» What is being asked: Copy every line in the records below that contains the word "Tucson".

Collection entries:
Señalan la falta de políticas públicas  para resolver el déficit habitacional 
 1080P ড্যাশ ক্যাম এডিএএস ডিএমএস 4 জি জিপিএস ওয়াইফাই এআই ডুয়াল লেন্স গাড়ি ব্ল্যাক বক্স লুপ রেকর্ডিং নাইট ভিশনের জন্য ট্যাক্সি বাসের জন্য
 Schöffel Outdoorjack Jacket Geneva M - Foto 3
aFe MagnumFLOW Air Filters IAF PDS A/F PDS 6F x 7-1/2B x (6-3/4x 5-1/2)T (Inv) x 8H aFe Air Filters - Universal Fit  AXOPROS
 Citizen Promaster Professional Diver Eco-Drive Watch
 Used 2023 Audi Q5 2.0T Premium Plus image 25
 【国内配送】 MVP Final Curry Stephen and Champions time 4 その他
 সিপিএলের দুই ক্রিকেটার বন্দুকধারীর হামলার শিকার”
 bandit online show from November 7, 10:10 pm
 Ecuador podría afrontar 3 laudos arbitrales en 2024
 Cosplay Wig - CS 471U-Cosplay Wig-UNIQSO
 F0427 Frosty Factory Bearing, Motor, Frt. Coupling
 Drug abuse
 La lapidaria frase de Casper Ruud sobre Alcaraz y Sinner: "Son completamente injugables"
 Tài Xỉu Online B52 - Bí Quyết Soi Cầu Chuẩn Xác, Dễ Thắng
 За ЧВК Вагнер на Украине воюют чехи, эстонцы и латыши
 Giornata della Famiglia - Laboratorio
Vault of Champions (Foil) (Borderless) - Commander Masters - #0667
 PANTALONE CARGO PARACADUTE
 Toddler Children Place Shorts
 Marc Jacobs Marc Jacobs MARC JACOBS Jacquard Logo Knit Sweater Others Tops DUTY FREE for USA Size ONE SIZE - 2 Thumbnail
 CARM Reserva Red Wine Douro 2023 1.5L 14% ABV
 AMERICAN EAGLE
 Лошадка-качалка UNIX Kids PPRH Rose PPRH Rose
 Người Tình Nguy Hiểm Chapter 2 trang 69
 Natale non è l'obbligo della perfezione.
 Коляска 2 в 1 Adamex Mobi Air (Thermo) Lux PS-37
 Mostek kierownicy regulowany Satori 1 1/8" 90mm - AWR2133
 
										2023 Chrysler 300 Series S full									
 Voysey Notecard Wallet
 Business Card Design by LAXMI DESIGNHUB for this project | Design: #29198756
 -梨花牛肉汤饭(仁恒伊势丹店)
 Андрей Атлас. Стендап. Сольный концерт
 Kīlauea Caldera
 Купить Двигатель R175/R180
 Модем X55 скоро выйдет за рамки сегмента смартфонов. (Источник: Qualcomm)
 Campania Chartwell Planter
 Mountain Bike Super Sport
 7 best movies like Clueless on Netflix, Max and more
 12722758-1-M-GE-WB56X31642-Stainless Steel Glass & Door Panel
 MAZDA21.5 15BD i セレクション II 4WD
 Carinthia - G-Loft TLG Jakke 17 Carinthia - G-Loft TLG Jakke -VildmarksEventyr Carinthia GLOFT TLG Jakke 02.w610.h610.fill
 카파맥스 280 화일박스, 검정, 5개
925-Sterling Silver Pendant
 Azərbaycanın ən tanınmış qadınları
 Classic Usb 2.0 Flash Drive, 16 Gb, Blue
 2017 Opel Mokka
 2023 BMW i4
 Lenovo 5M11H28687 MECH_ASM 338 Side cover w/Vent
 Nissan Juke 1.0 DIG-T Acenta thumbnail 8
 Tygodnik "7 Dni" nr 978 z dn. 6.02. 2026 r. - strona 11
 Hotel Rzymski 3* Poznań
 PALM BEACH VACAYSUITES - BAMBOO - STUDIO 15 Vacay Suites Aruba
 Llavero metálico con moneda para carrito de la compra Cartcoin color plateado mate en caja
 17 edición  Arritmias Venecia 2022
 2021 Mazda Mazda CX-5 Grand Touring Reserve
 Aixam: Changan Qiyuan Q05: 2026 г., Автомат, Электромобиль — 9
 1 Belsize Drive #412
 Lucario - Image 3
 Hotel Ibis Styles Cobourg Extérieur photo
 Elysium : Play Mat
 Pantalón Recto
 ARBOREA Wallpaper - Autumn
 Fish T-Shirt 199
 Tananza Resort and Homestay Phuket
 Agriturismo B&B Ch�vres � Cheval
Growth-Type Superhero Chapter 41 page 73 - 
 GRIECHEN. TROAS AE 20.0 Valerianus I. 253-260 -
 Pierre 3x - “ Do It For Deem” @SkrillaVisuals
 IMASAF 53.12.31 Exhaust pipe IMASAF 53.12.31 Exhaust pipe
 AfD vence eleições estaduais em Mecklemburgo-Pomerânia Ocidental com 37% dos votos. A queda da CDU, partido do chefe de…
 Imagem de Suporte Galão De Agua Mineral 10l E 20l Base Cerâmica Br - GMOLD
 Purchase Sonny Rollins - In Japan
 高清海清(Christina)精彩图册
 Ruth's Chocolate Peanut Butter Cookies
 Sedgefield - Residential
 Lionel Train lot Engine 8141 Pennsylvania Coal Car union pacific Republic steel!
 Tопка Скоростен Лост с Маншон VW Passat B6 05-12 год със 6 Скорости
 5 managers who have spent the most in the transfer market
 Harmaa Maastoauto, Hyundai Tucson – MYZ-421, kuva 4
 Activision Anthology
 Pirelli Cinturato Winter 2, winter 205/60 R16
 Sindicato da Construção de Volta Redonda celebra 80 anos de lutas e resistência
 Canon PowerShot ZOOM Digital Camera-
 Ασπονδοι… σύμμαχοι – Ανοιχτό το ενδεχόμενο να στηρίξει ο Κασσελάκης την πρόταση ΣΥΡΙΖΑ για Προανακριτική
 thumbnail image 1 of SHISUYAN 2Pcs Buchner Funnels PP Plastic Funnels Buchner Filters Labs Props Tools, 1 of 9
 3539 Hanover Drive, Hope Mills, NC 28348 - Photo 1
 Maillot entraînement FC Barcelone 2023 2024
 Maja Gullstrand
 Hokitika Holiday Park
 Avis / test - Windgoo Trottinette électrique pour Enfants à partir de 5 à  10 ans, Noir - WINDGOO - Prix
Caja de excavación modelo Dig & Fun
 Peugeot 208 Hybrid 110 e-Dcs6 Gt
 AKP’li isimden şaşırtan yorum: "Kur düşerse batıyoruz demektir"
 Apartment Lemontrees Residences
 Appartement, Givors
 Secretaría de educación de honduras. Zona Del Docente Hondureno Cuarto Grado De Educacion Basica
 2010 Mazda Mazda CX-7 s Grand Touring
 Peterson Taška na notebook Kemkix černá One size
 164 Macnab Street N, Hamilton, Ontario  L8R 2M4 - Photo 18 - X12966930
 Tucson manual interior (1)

» Output of the task:
 Harmaa Maastoauto, Hyundai Tucson – MYZ-421, kuva 4
 Tucson manual interior (1)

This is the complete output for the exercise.